[Required action] The entire listing that follows must be repeated exactly, pictures excluded.

[Supplied information]
+ + + + + + +

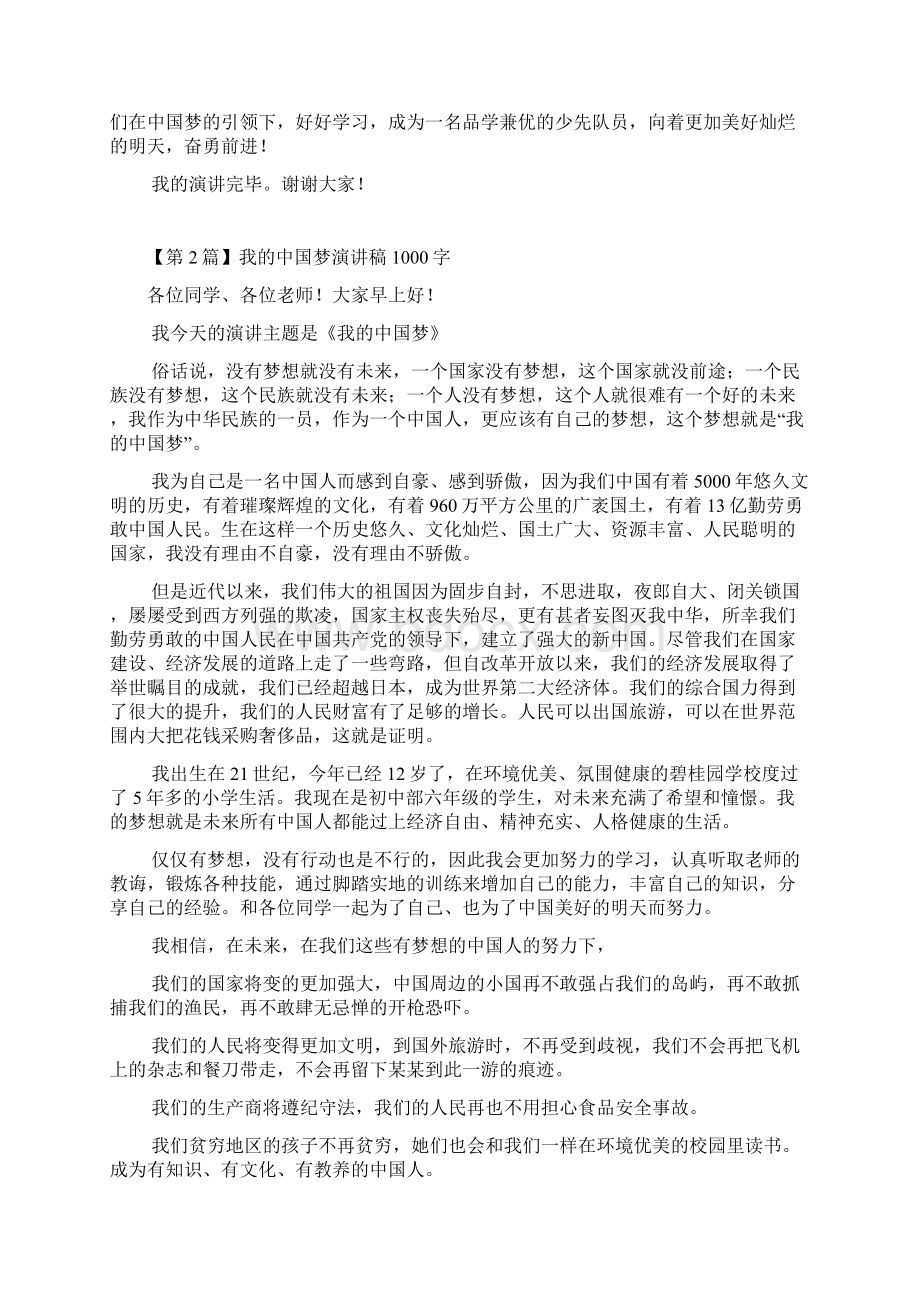 我的中国梦演讲稿1000字精选5篇.docx_第2页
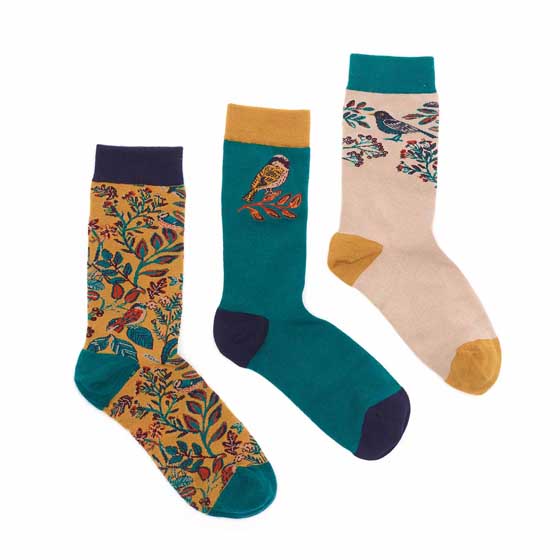 RSPB Garden birds bamboo socks gift pack product photo default L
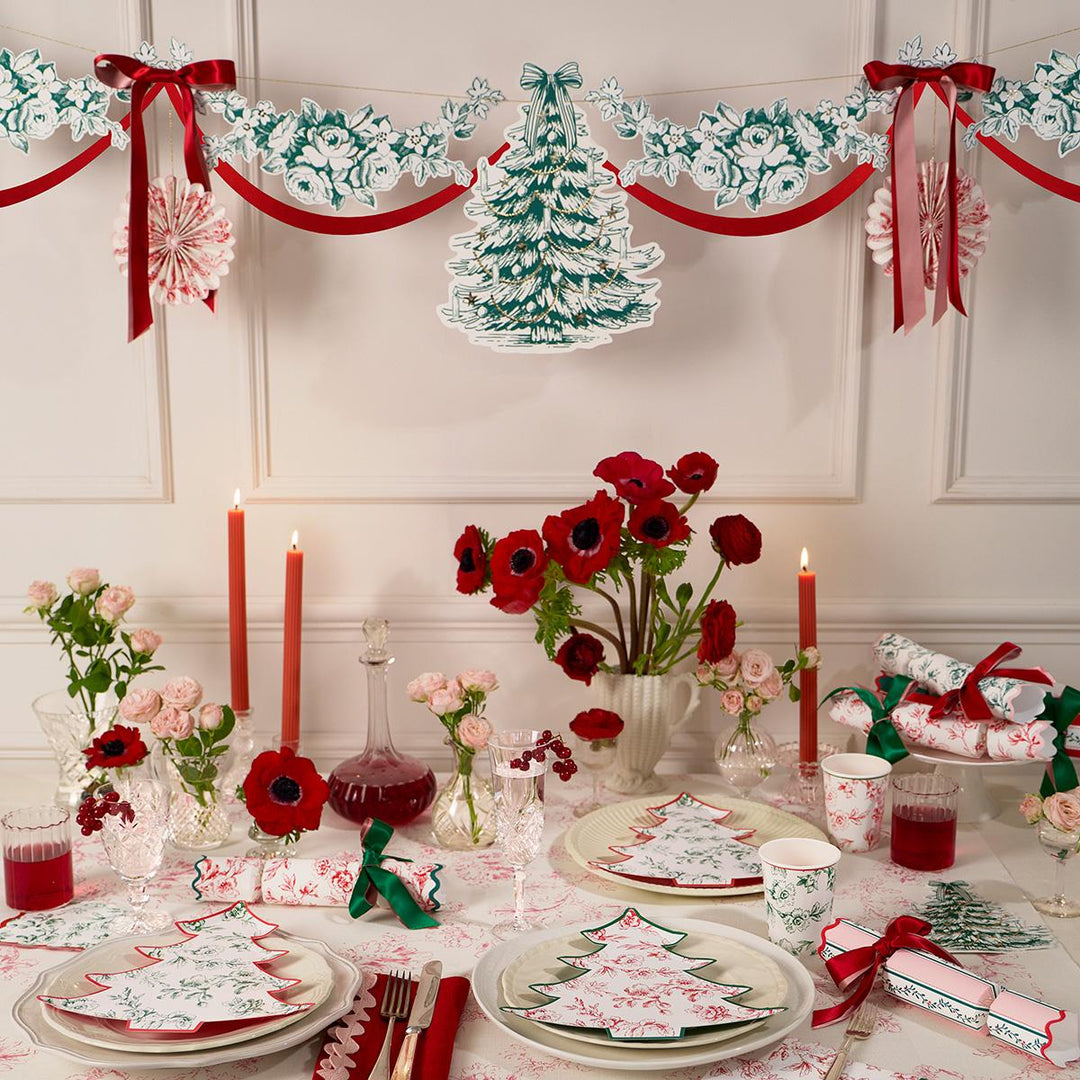 Toile De Jouy Tree Party Plates x 8 party plates Toile De Jouy Tree Party Plates x 8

+ + + + + + +

[Result of this exercise]
 我的中国梦演讲稿1000字精选5篇.docx_第2页
 RSPB Garden birds bamboo socks gift pack product photo default L
 Toile De Jouy Tree Party Plates x 8 party plates Toile De Jouy Tree Party Plates x 8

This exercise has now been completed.